We could also potentially leverage Spark for examining raw html at scale, though we may still need to be cognizant of memory limits in the driver. When working on a local machine, attempting to ingest all records will lead to memory errors. For the purposes of this EDA (though we might want to employ a similar method later), we can test ingesting only the first 200 characters. From here, we can start to explore this text data:

In [38]:
import pyspark.sql.functions as F

# Generator to extract just the first 200 characters from the HTML payload
def extract_warc_html(warc_files):
    """Extraction function using FastWARC, yielding records for creating a Spark RDD, based on Save Page Now methodology"""
    for warc_file in warc_files:
        with open(warc_file, 'rb') as stream:
            for record in ArchiveIterator(stream, func_filter=lambda x: x.headers.get('WARC-Type')=='response'):
                yield (record.reader.read().decode('utf-8', errors='replace')[0:200],)

In [31]:
# Map this function as before
warcs = sc.parallelize(WARCS)
html_data = warcs.mapPartitions(extract_warc_html)
html_data_df = html_data.toDF().withColumnRenamed('_1', 'raw_html')

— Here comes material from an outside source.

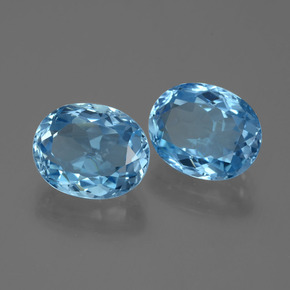 7,36 ct natürliche blauer Topas-Edelsteine, Oval Schliff, VVS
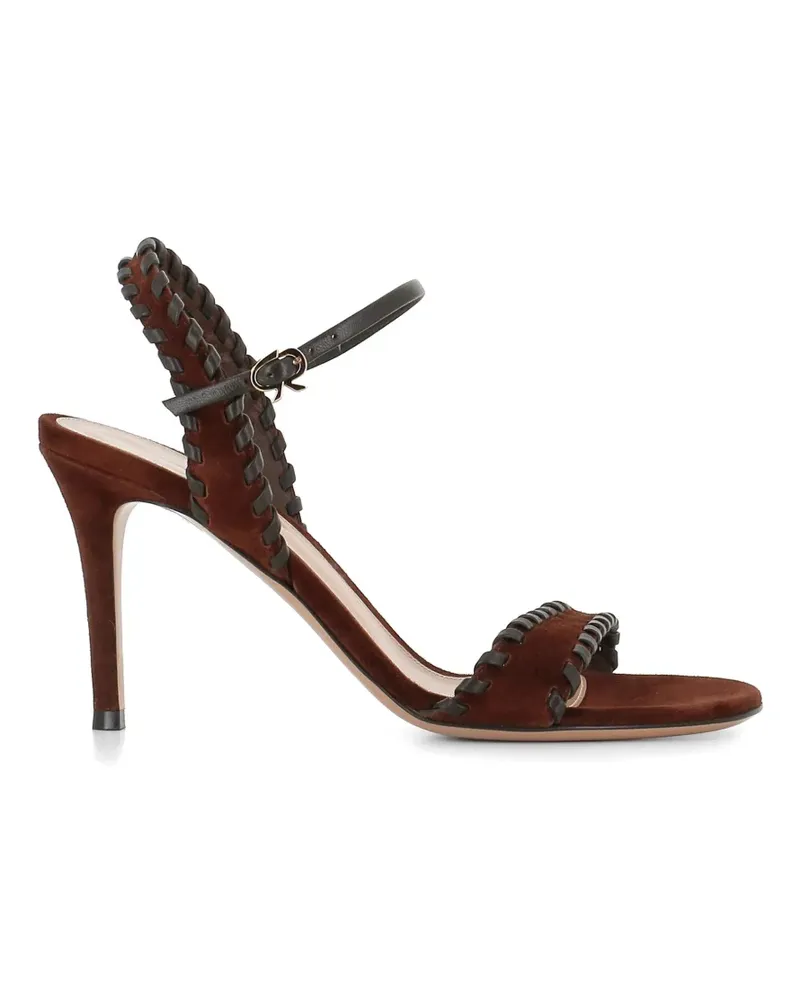Gianvito Rossi Sandalen aus Wildleder mit Ziernähten - Braun Braun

From here, we can use regular expressions to begin searching for interesting data elements like page titles. This could be performed in the following way:

In [52]:
html_data_df.select(F.regexp_extract('raw_html', r"<title>([A-Za-z0-9]*?)</title>", 1).alias('title')) \
    .filter(F.col('title')!='') \
    .sample(fraction=0.05) \
    .show(10)

+--------+
|   title|
+--------+
|Infiniti|
|Findings|
|    News|
| Scholia|
| Welcome|
|   About|
| Donetsk|
|Pesumati|
|    News|
|Promocje|
+--------+
only showing top 10 rows



In [53]:
# End the session
sc.stop()

#### Next Steps
In the next steps of this project, we will begin prototyping the ingestion pipeline in earnest, combining the downloading process and expanding on the Pyspark ingestion processes performed here as part of EDA. We will also perform data cleansing and additional transformations steps at this point to begin shaping the data into its final format.